Notes from Kabul: Al Qaeda defeat “within reach”

The new US Defense Secretary, Leon Panetta, has just arrived in the Afghan capital, Kabul. His unannounced visit comes just one week after assuming his position. Speaking with journalists shortly before his arrival, Panetta said that a defeat of Al Qaeda was quote “within reach.” Why is Panetta so confident?

Kabul, Afghanistan — Following the death of Osama bin Laden and some other key Al Qaeda figures, the American Secretary of Defense Leon Panetta now feels that the same determination used to kill them could be used to capture or kill another 10-20 righ-ranking members of Al Qaeda’s leadership. He’s referring, of course, not just to Afghanistan, but the group’s reach in places like neighboring Pakistan, Yemen, Somolia and North Africa.

Notes from Kabul: Al Qaeda defeat
President Obama and the national security team receive an update on Operation Geronimo, a mission against Osama bin Laden (photo: United States Government)

His comments come at an interesting time. He just replaced Robert Gates, President George W. Bush’s top military man, who stayed on for the Obama administration. And Panetta’s new job was just one of a number of shifts in leadership. The head of the operation in Afghanistan, General David Petreaus, is taking over Panetta’s old job as head of the CIA. Petreaus’ number two is replacing him in Afghanistan. And there’s even been a shift in Washington’s ambassadors here in Kabul.

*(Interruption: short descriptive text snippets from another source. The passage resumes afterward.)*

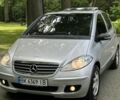 Серый Мерседес А класс, объемом двигателя 1.7 л и пробегом 300 тыс. км за 3950 $, фото 1 на Automoto.ua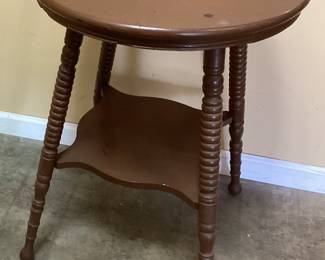 ROUND 2 TIER BOBBIN LEG ACCENT TABLE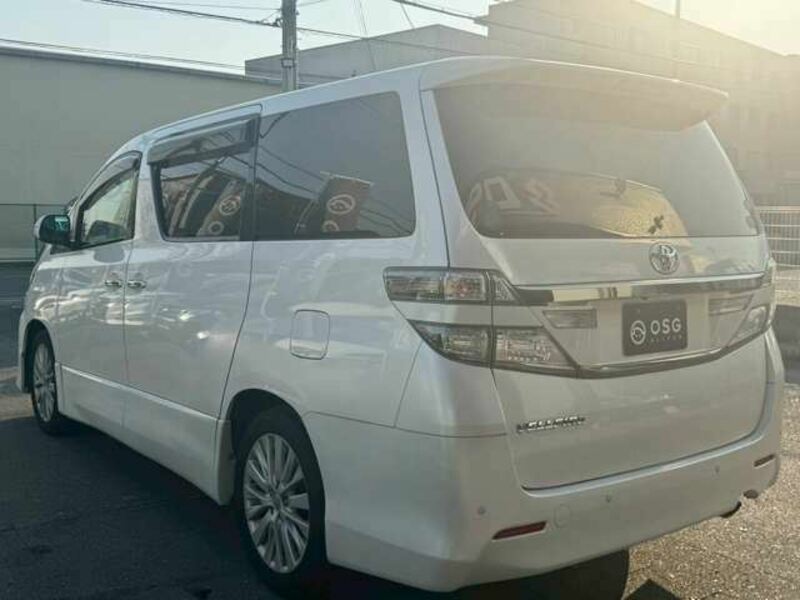 VELLFIRE-3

This is all part of a larger U.S. strategy intended to show that things are really kicking into high gear. And reflecting that, Panetta has come here to Afghanistan, quite confident that the Obama administration is ultimately doing right.

But the Americans will soon start leaving, as will some of the other foreign forces. Canada finished its combative role on Thursday, the first time it has ever left a war that is still ongoing. And what about the Afghan forces? Are they ready to handle a possible resurgence of the Taliban? President Barack Obama announced that he will gradually start to drawdown US troops from Afghanistan, starting this month (just in time to be surrounded by thousands of them at Ground Zero on the 10th anniversary of the 9/11 attacks). A partial handover of some sort of authority is expected on Monday. But there is a saying in Afghanistan: if you have the watch, we have the time. The Taliban do not have to fight to win, nor does Al Qaeda. They just have to survive. And it does not matter how long they wait, they will not go away.

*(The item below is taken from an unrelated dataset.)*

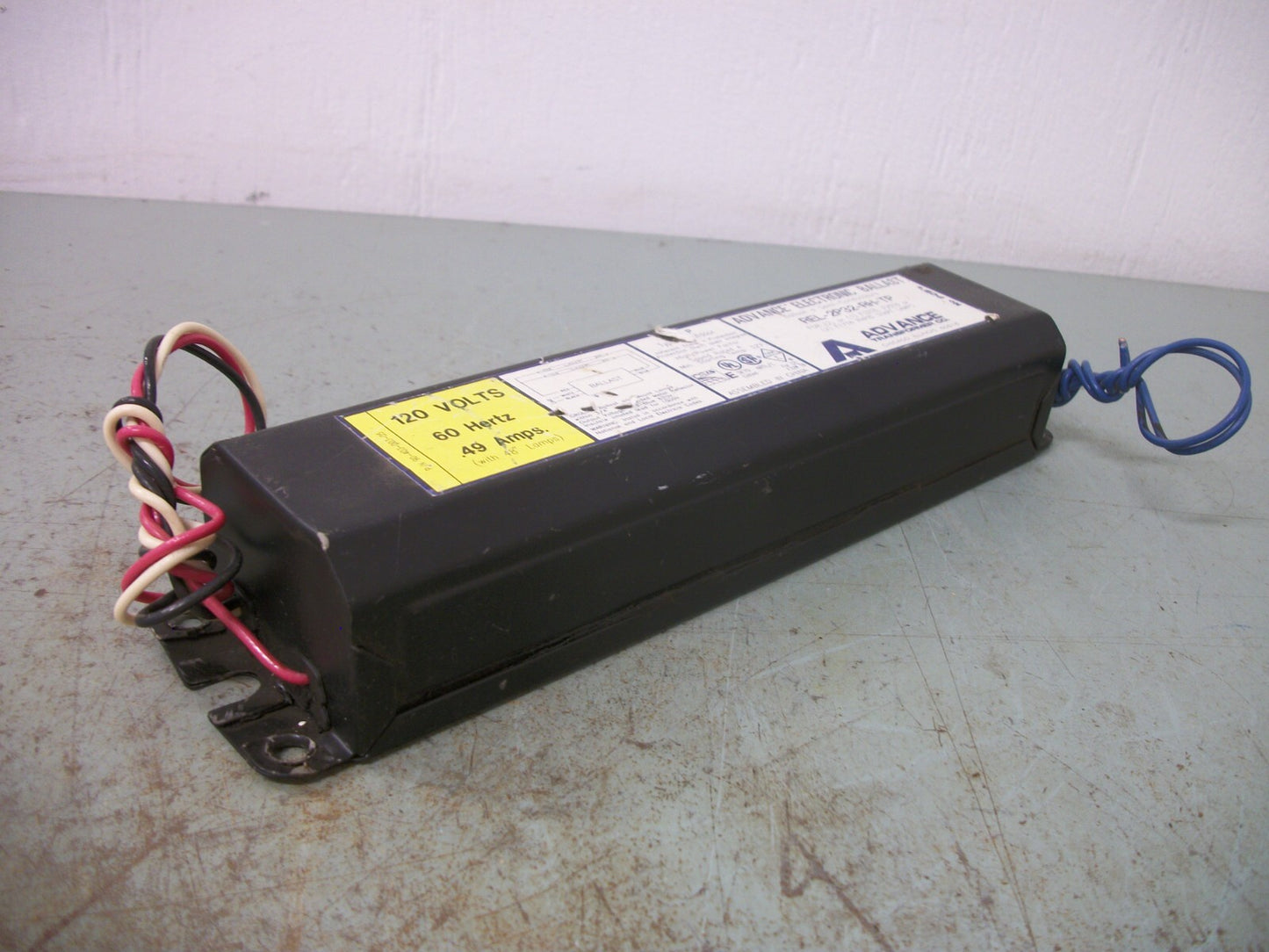 ADVANCE ELECTRONIC BALLAST REL-2P32-RH-TP 120VOLT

New efforts backed by international leaders to include the Afghan Taliban in a future government thus seem like the only answer. Of course, there must be some sticks for such carrots, including their renouncement of violence.

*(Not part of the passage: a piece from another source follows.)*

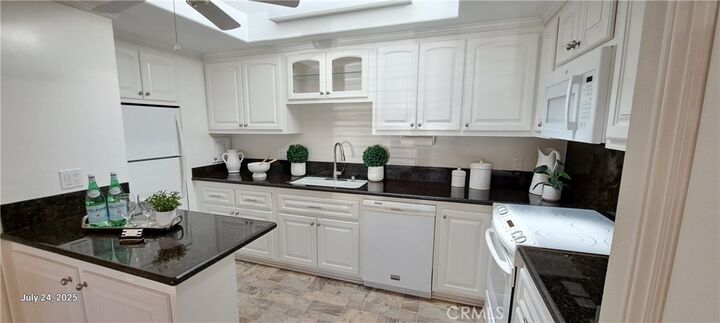 Property Photo:  14001 Thunderbird Dr  M2  4K  CA 90740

The Israeli establishment could learn from what is taking place here, but the lessons could be both good and bad. If inclusion of the Taliban fails, Israel will cite it as reason to publicly and privately exclude Hamas from any negotiating table (assuming they would come in the first). And if inclusion succeeds, then Israel will cite a Taliban process of reform. And no, I am not equating Hamas with the Taliban. But if the U.S. actually does defeat Al Qaeda, Israel will insist it, too, can defeat what it calls “the local version of Islamic extremism”.

But using a conventional army in a battle against guerrilla warfare is difficult, if not impossible. Israel has learned as much in its dealings with Hezbollah, and the US has learned it in its ten-year dealings with Al Qaeda. If Panetta knows otherwise and can prove it, he just might succeed in changing how a number of defense ministers around the world view their own conflicts.